Febri Handika selaku Ketua Umum menyampaikan bahwa di tengah derasnya arus digitalisasi, transformasi sosial, dan pergeseran nilai-nilai generasi muda, Himpunan Mahasiswa Islam (HMI) terus berupaya mempertahankan relevansinya sebagai salah satu organisasi mahasiswa tertua dan terbesar di Indonesia. Didirikan pada 5 Februari 1947, HMI bukan hanya saksi, tetapi juga pelaku dalam berbagai fase penting perjalanan bangsa.
Kini, di era serba digital dan dinamis, tantangan yang dihadapi HMI tidak lagi hanya bersifat ideologis atau politis, tetapi juga kultural dan struktural. Generasi muda hari ini tumbuh dalam dunia yang serba cepat, instan, dan pragmatis — karakter yang bisa bertabrakan dengan nilai-nilai perjuangan yang selama ini dijunjung tinggi HMI: keislaman, keindonesiaan, dan keilmuan.
“Perubahan zaman menuntut kami untuk beradaptasi, tapi tanpa kehilangan akar,” ujar Febri, Ketua Umum HMI Cabang Batusangkar dalam persiapan Pelantikan Pengurus HMI Cabang Batusangkar dengan tema HMI Centrum gerakan keumatan dan kebangsaan. Ia menambahkan bahwa kader HMI saat ini dituntut untuk lebih progresif dalam memanfaatkan teknologi, namun tetap menjaga integritas intelektual dan moral.
Berbagai upaya dilakukan untuk menyesuaikan diri dengan zaman, seperti digitalisasi kaderisasi, penguatan literasi digital, hingga keterlibatan dalam isu-isu kekinian seperti lingkungan, inklusivitas sosial, dan transformasi pendidikan. Di banyak cabang, HMI juga aktif menjalin kolaborasi dengan komunitas dan lembaga riset untuk memperkuat daya tawarnya di ruang publik.
Namun demikian, sebagian pengamat menilai bahwa HMI juga menghadapi risiko stagnasi internal jika tidak mampu menyatukan semangat idealisme dengan profesionalisme dalam gerak organisasi.

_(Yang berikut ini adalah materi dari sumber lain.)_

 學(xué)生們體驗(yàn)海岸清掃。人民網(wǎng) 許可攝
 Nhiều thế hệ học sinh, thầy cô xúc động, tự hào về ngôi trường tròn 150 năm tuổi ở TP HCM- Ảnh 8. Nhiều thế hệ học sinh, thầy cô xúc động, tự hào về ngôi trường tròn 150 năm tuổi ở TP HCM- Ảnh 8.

Persoalan klasik seperti dualisme kepemimpinan, birokratisasi kaderisasi, hingga konflik internal masih membayangi.
Meski begitu, romantisme atas peran historis HMI tetap menjadi daya tarik bagi sebagian mahasiswa yang mendambakan ruang diskusi kritis dan pembentukan karakter kepemimpinan.
Di tengah perubahan zaman, HMI terus menapaki jalan panjangnya: antara menjaga nilai dan menjemput masa depan. Organisasi ini bukan hanya ditantang untuk bertahan, tapi juga untuk tumbuh sebagai bagian dari solusi atas problematika bangsa yang makin kompleks.
Disisi lain, Dukungan pemerintah daerah juga menjadi bagian penting dalam merawat romantisme ini serta penegasan komitmen untuk terus memberi ruang bagi organisasi lokal sebagai penjaga nilai-nilai kedaerahan yang adaptif dan kreatif.
Melalui sinergi antar HMI dan masyarakat, romantisme daerah bukan hanya bisa dikenang, tetapi juga dihidupkan kembali dengan cara yang relevan dan inspiratif bagi generasi masa kini di Kabupaten Tanah Datar, Tutupnya.